■ **Aim of the task**:
Each line from the one holding "Box/posto auto in" to the last line of the listing must be set down exactly. No pictures are to be included.

■ **Supplied data**:
────────────────────
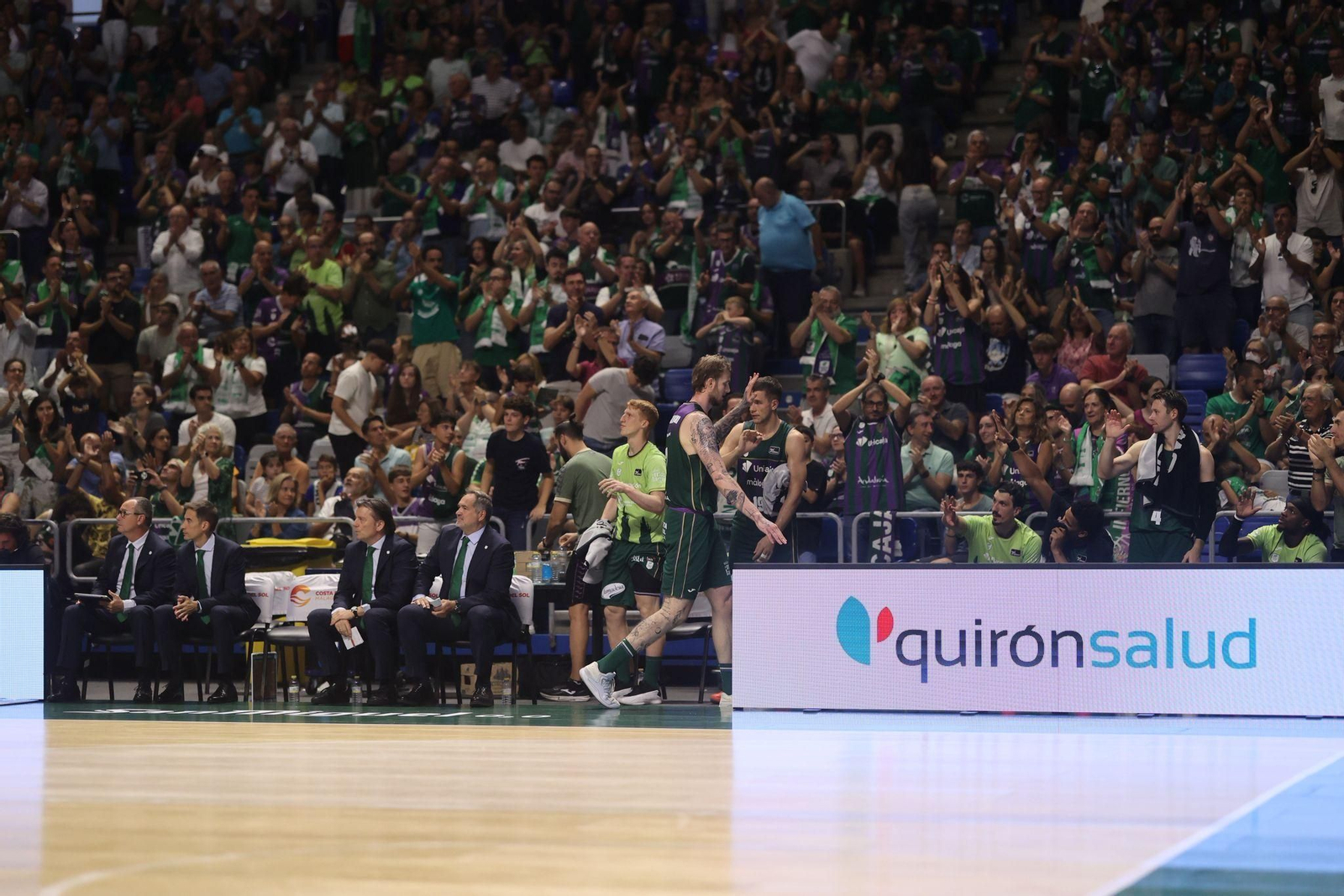 Búscate en el Carpena durante el Unicaja - Bilbao Basket
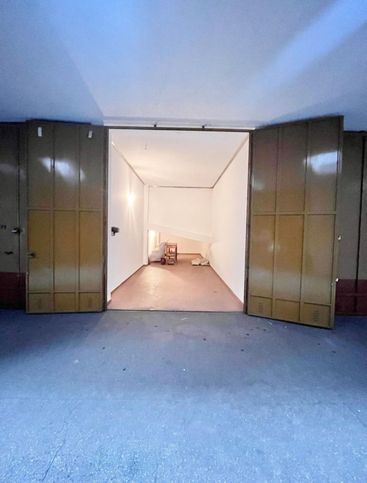 Box/posto auto in residenziale in Via Torrazza Piemonte 26 /A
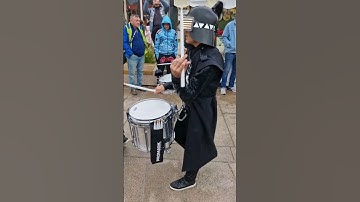 🔥 A început Oradea FestiFall! 🔥🥁 Light Drummers pe străzile din centrul orașului!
────────────────────
■ **Answer box**:
 Box/posto auto in residenziale in Via Torrazza Piemonte 26 /A
 🔥 A început Oradea FestiFall! 🔥🥁 Light Drummers pe străzile din centrul orașului!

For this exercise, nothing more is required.